» **What you need to do**
Please copy out every line in the records below that includes the word "have".

» **Data**
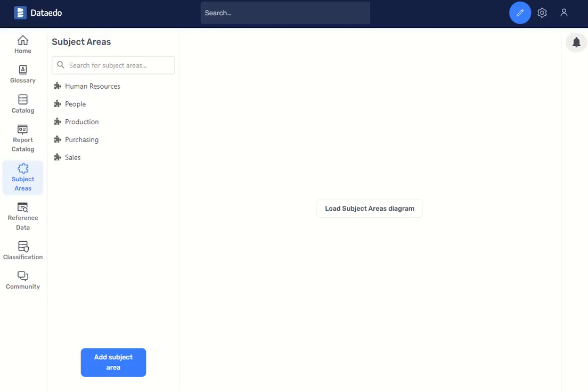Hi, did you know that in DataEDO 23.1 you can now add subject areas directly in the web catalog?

---

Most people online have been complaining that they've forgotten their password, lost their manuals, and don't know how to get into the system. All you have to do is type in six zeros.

--

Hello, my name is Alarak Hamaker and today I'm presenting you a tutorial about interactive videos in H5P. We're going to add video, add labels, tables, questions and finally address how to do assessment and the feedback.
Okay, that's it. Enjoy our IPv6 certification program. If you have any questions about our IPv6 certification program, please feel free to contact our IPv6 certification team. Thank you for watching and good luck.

» **Response for this exercise**
Most people online have been complaining that they've forgotten their password, lost their manuals, and don't know how to get into the system. All you have to do is type in six zeros.
Okay, that's it. Enjoy our IPv6 certification program. If you have any questions about our IPv6 certification program, please feel free to contact our IPv6 certification team. Thank you for watching and good luck.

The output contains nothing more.